### Your task
Set down each line of the data exactly, but not the pictures.

### Collected material

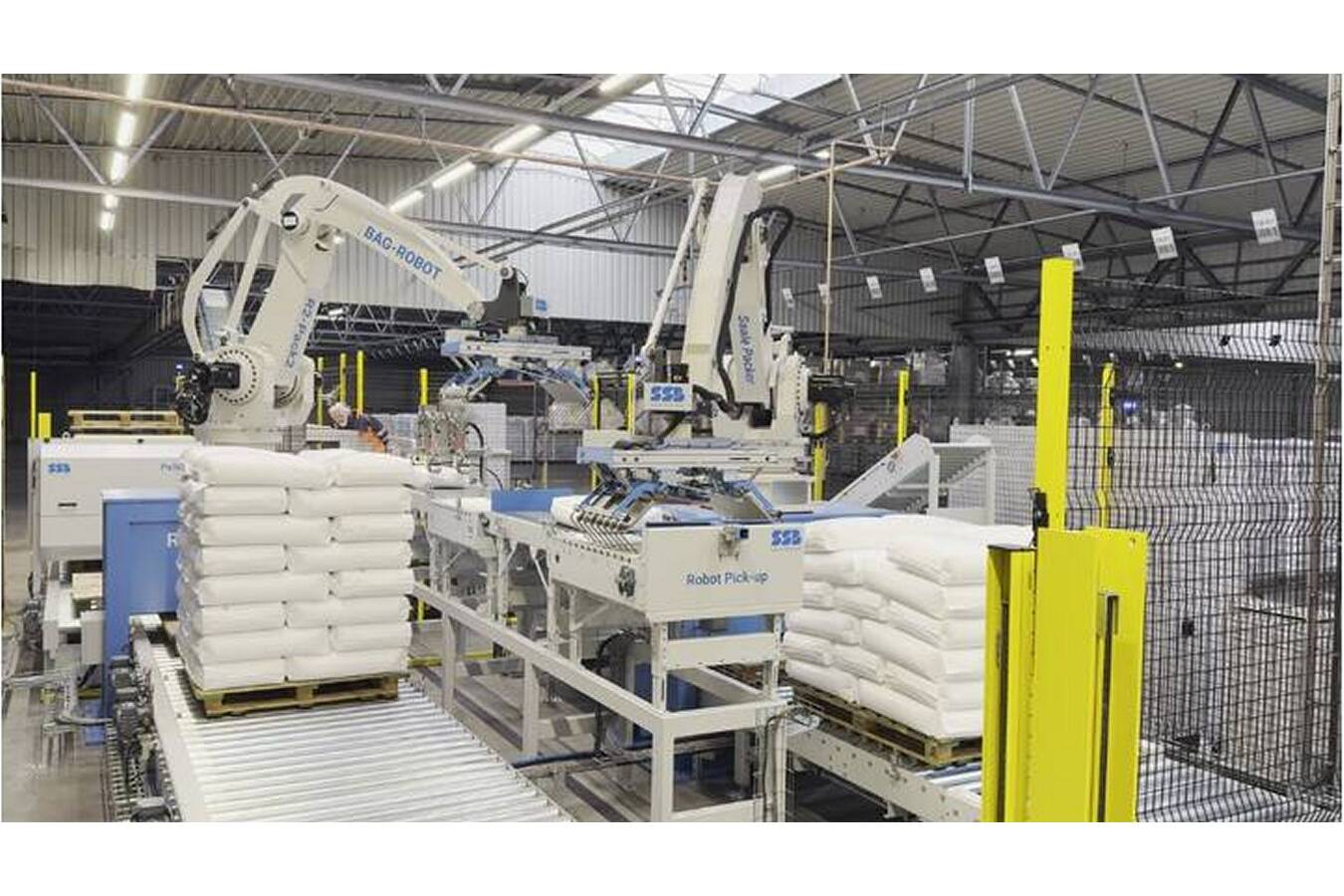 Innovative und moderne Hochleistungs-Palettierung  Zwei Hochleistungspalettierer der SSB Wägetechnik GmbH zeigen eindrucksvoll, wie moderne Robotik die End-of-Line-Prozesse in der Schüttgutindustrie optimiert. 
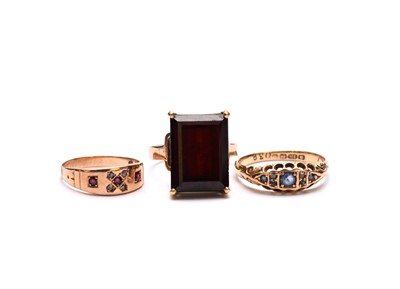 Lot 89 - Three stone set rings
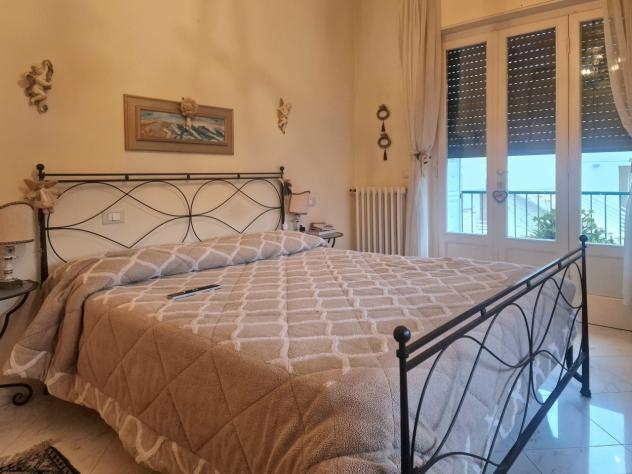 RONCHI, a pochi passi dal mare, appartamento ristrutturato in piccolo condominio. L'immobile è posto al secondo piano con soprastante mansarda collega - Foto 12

### Response
 Innovative und moderne Hochleistungs-Palettierung  Zwei Hochleistungspalettierer der SSB Wägetechnik GmbH zeigen eindrucksvoll, wie moderne Robotik die End-of-Line-Prozesse in der Schüttgutindustrie optimiert. 
 Lot 89 - Three stone set rings
 RONCHI, a pochi passi dal mare, appartamento ristrutturato in piccolo condominio. L'immobile è posto al secondo piano con soprastante mansarda collega - Foto 12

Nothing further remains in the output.